WHAT NEEDS TO BE DONE:
Down to the last line, copy the records below without any change.

─── RECORDS FOR THE TASK

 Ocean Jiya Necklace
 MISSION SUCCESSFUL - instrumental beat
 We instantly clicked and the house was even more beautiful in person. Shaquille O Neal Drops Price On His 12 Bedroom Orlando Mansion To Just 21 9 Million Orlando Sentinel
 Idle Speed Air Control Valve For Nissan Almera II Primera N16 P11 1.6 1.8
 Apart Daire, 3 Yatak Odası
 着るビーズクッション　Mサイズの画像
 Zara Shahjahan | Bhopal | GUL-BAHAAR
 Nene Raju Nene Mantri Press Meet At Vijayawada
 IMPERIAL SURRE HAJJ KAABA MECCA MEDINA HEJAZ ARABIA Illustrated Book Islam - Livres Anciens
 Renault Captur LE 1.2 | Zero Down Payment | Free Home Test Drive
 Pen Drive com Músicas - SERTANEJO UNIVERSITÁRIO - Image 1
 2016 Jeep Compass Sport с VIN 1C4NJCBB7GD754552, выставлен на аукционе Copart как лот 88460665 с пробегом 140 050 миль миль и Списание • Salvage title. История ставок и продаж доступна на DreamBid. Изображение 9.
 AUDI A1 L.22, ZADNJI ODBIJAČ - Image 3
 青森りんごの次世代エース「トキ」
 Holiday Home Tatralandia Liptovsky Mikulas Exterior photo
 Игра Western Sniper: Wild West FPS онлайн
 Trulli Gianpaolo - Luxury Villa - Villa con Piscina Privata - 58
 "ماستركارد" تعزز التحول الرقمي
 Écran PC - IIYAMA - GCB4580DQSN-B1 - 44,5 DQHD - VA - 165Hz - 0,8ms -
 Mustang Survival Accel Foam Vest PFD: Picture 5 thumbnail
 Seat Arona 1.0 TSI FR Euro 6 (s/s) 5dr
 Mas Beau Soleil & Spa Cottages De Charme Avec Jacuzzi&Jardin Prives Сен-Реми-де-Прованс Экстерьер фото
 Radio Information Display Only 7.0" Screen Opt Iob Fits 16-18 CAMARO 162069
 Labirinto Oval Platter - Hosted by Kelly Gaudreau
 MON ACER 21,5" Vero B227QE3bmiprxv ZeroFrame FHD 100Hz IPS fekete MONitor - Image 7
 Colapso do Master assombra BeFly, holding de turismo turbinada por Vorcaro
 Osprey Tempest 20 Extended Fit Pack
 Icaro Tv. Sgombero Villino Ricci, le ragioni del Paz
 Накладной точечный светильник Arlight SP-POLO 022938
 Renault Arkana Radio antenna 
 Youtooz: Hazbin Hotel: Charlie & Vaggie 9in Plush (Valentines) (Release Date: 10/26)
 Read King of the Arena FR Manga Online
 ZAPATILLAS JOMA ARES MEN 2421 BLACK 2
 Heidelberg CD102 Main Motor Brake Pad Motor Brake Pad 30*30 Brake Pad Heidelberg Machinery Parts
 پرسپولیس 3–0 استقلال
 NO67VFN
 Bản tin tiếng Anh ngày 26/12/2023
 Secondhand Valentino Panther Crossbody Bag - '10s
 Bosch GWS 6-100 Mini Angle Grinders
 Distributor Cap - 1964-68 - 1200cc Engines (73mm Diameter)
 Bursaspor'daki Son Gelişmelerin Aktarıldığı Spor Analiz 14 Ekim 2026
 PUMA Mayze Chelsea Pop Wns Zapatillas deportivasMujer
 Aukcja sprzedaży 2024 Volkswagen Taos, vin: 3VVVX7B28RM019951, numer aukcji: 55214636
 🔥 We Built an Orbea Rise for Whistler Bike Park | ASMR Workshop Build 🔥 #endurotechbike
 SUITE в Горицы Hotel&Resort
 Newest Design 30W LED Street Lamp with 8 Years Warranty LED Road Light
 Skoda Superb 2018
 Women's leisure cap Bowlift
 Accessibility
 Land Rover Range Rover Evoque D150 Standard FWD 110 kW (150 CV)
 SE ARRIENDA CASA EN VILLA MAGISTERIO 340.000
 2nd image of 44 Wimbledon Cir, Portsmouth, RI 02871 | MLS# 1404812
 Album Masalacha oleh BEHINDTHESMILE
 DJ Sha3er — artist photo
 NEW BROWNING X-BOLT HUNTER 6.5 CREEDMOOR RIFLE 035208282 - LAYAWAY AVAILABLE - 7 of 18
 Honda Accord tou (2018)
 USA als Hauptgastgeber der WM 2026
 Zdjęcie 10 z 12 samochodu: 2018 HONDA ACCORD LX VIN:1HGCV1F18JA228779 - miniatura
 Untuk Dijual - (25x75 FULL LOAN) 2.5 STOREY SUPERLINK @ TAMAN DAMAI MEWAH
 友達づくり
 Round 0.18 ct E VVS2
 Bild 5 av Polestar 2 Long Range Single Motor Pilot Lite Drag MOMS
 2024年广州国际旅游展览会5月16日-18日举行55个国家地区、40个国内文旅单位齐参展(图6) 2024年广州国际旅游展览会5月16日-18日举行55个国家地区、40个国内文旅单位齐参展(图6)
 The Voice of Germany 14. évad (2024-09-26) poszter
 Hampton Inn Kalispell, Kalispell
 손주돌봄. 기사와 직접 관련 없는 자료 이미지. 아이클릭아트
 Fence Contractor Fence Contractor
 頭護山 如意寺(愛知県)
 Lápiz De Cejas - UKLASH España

──────

SOLUTION FOR THIS PROBLEM:
 Ocean Jiya Necklace
 MISSION SUCCESSFUL - instrumental beat
 We instantly clicked and the house was even more beautiful in person. Shaquille O Neal Drops Price On His 12 Bedroom Orlando Mansion To Just 21 9 Million Orlando Sentinel
 Idle Speed Air Control Valve For Nissan Almera II Primera N16 P11 1.6 1.8
 Apart Daire, 3 Yatak Odası
 着るビーズクッション　Mサイズの画像
 Zara Shahjahan | Bhopal | GUL-BAHAAR
 Nene Raju Nene Mantri Press Meet At Vijayawada
 IMPERIAL SURRE HAJJ KAABA MECCA MEDINA HEJAZ ARABIA Illustrated Book Islam - Livres Anciens
 Renault Captur LE 1.2 | Zero Down Payment | Free Home Test Drive
 Pen Drive com Músicas - SERTANEJO UNIVERSITÁRIO - Image 1
 2016 Jeep Compass Sport с VIN 1C4NJCBB7GD754552, выставлен на аукционе Copart как лот 88460665 с пробегом 140 050 миль миль и Списание • Salvage title. История ставок и продаж доступна на DreamBid. Изображение 9.
 AUDI A1 L.22, ZADNJI ODBIJAČ - Image 3
 青森りんごの次世代エース「トキ」
 Holiday Home Tatralandia Liptovsky Mikulas Exterior photo
 Игра Western Sniper: Wild West FPS онлайн
 Trulli Gianpaolo - Luxury Villa - Villa con Piscina Privata - 58
 "ماستركارد" تعزز التحول الرقمي
 Écran PC - IIYAMA - GCB4580DQSN-B1 - 44,5 DQHD - VA - 165Hz - 0,8ms -
 Mustang Survival Accel Foam Vest PFD: Picture 5 thumbnail
 Seat Arona 1.0 TSI FR Euro 6 (s/s) 5dr
 Mas Beau Soleil & Spa Cottages De Charme Avec Jacuzzi&Jardin Prives Сен-Реми-де-Прованс Экстерьер фото
 Radio Information Display Only 7.0" Screen Opt Iob Fits 16-18 CAMARO 162069
 Labirinto Oval Platter - Hosted by Kelly Gaudreau
 MON ACER 21,5" Vero B227QE3bmiprxv ZeroFrame FHD 100Hz IPS fekete MONitor - Image 7
 Colapso do Master assombra BeFly, holding de turismo turbinada por Vorcaro
 Osprey Tempest 20 Extended Fit Pack
 Icaro Tv. Sgombero Villino Ricci, le ragioni del Paz
 Накладной точечный светильник Arlight SP-POLO 022938
 Renault Arkana Radio antenna 
 Youtooz: Hazbin Hotel: Charlie & Vaggie 9in Plush (Valentines) (Release Date: 10/26)
 Read King of the Arena FR Manga Online
 ZAPATILLAS JOMA ARES MEN 2421 BLACK 2
 Heidelberg CD102 Main Motor Brake Pad Motor Brake Pad 30*30 Brake Pad Heidelberg Machinery Parts
 پرسپولیس 3–0 استقلال
 NO67VFN
 Bản tin tiếng Anh ngày 26/12/2023
 Secondhand Valentino Panther Crossbody Bag - '10s
 Bosch GWS 6-100 Mini Angle Grinders
 Distributor Cap - 1964-68 - 1200cc Engines (73mm Diameter)
 Bursaspor'daki Son Gelişmelerin Aktarıldığı Spor Analiz 14 Ekim 2026
 PUMA Mayze Chelsea Pop Wns Zapatillas deportivasMujer
 Aukcja sprzedaży 2024 Volkswagen Taos, vin: 3VVVX7B28RM019951, numer aukcji: 55214636
 🔥 We Built an Orbea Rise for Whistler Bike Park | ASMR Workshop Build 🔥 #endurotechbike
 SUITE в Горицы Hotel&Resort
 Newest Design 30W LED Street Lamp with 8 Years Warranty LED Road Light
 Skoda Superb 2018
 Women's leisure cap Bowlift
 Accessibility
 Land Rover Range Rover Evoque D150 Standard FWD 110 kW (150 CV)
 SE ARRIENDA CASA EN VILLA MAGISTERIO 340.000
 2nd image of 44 Wimbledon Cir, Portsmouth, RI 02871 | MLS# 1404812
 Album Masalacha oleh BEHINDTHESMILE
 DJ Sha3er — artist photo
 NEW BROWNING X-BOLT HUNTER 6.5 CREEDMOOR RIFLE 035208282 - LAYAWAY AVAILABLE - 7 of 18
 Honda Accord tou (2018)
 USA als Hauptgastgeber der WM 2026
 Zdjęcie 10 z 12 samochodu: 2018 HONDA ACCORD LX VIN:1HGCV1F18JA228779 - miniatura
 Untuk Dijual - (25x75 FULL LOAN) 2.5 STOREY SUPERLINK @ TAMAN DAMAI MEWAH
 友達づくり
 Round 0.18 ct E VVS2
 Bild 5 av Polestar 2 Long Range Single Motor Pilot Lite Drag MOMS
 2024年广州国际旅游展览会5月16日-18日举行55个国家地区、40个国内文旅单位齐参展(图6) 2024年广州国际旅游展览会5月16日-18日举行55个国家地区、40个国内文旅单位齐参展(图6)
 The Voice of Germany 14. évad (2024-09-26) poszter
 Hampton Inn Kalispell, Kalispell
 손주돌봄. 기사와 직접 관련 없는 자료 이미지. 아이클릭아트
 Fence Contractor Fence Contractor
 頭護山 如意寺(愛知県)
 Lápiz De Cejas - UKLASH España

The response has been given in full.